-- Requirement --
Beginning at the line containing "キッドモヘアとポプリンのジャケット", repeat each line below exactly up to and including the line containing "USB-хаб адаптер Baseus". Do not repeat the pictures.

──────── Supplied entries ────────

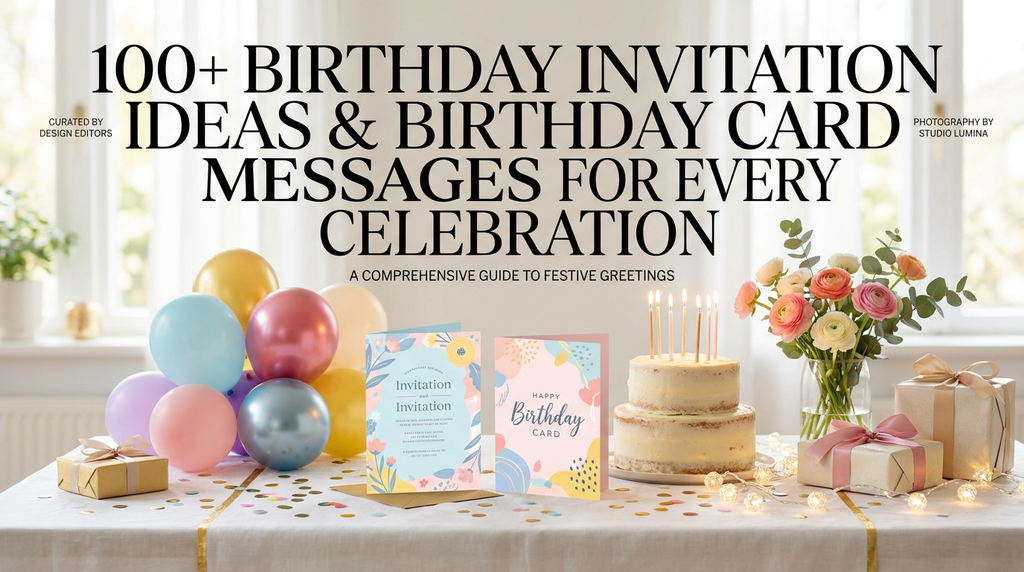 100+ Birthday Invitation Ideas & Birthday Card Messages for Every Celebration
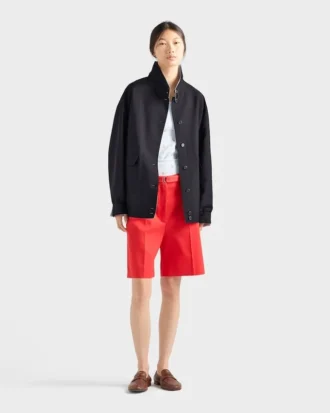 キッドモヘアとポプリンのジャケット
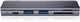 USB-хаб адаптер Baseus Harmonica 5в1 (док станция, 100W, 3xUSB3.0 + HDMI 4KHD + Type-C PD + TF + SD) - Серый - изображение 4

────────
──────── Supplied entries ────────

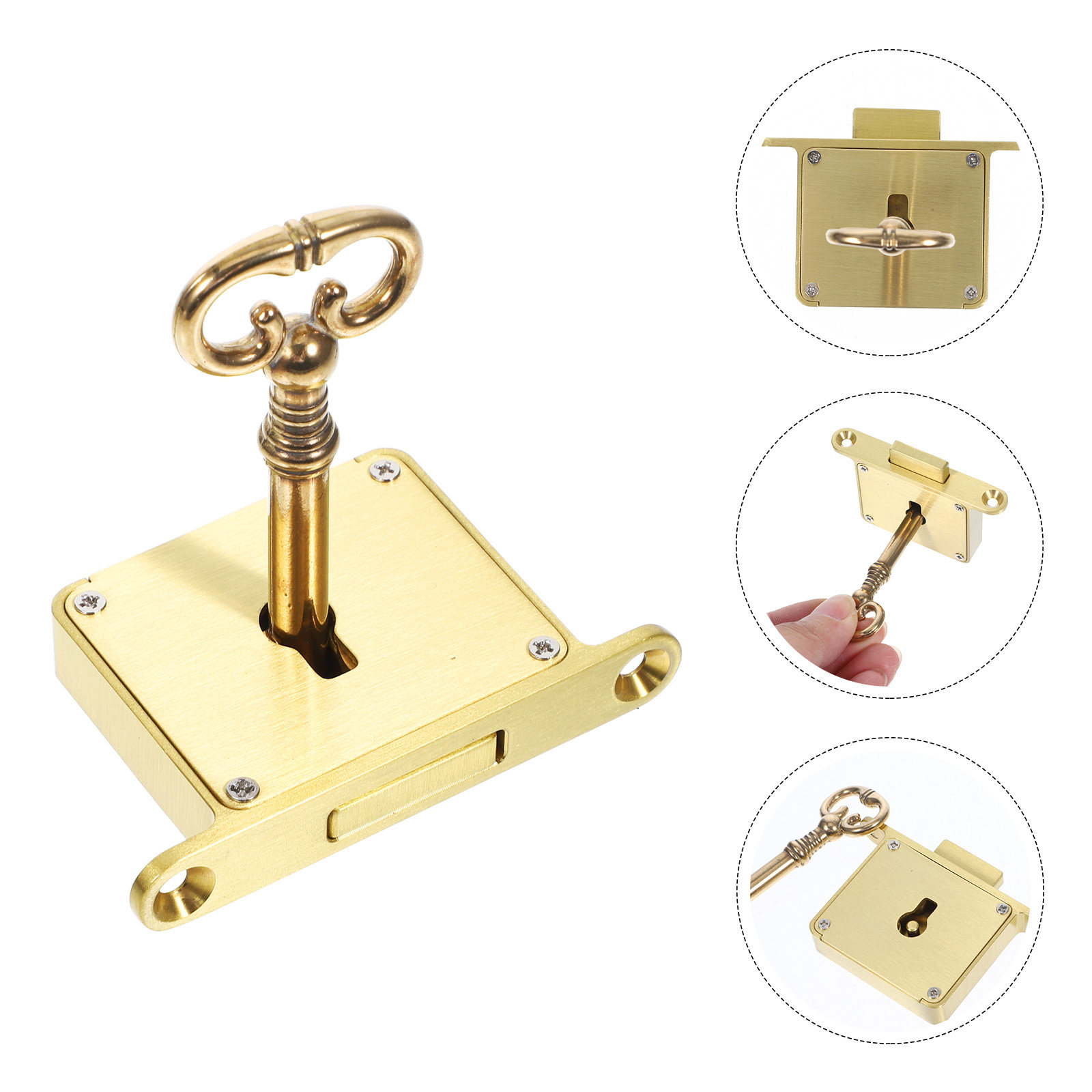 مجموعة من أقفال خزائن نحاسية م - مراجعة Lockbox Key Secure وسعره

────────
──────── Supplied entries ────────

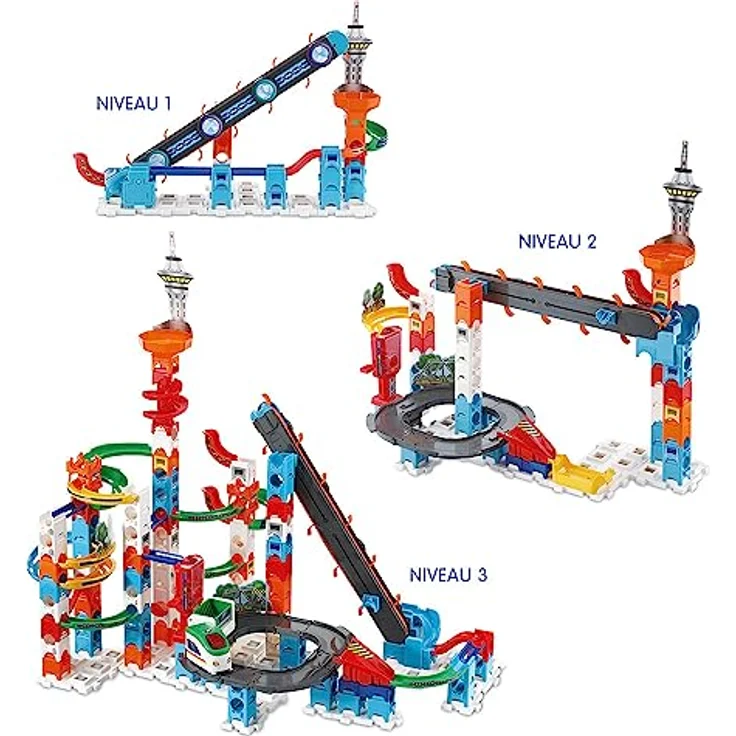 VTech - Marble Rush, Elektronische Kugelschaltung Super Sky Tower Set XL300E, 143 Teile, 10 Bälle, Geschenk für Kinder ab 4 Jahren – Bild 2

────────

-- Response below --
 キッドモヘアとポプリンのジャケット
 USB-хаб адаптер Baseus Harmonica 5в1 (док станция, 100W, 3xUSB3.0 + HDMI 4KHD + Type-C PD + TF + SD) - Серый - изображение 4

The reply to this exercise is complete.